TASK STATEMENT:
Transcribe the listing below exactly, without pictures.

DATA SEGMENT:
────────────────────────────────────────

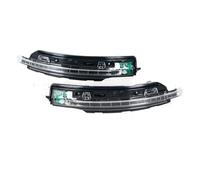 PaCsci Rétroviseur Clignotant Clignotant De Rétroviseur Latéral Pour Macan 2014-2017 Feu Recul Clig notant Lampe De Rétro viseur Latéral Ambre 95B949101 95B949102(1 Left and 1 Right)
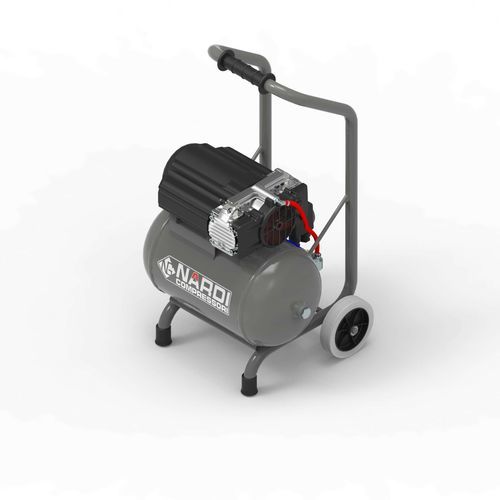 Compresseur à piston - ESPRIT 1 - NARDI COMPRESSORI - d'air / à moteur électrique / sur roulette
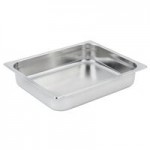 Bon Chef 60027 Cucina 36 oz. Stainless Steel Round Dish with Lid Bon Chef 60027 Cucina 36 oz. Stainless Steel Round Dish with Lid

────────────────────────────────────────

OUTPUT BELOW:
 PaCsci Rétroviseur Clignotant Clignotant De Rétroviseur Latéral Pour Macan 2014-2017 Feu Recul Clig notant Lampe De Rétro viseur Latéral Ambre 95B949101 95B949102(1 Left and 1 Right)
 Compresseur à piston - ESPRIT 1 - NARDI COMPRESSORI - d'air / à moteur électrique / sur roulette
 Bon Chef 60027 Cucina 36 oz. Stainless Steel Round Dish with Lid Bon Chef 60027 Cucina 36 oz. Stainless Steel Round Dish with Lid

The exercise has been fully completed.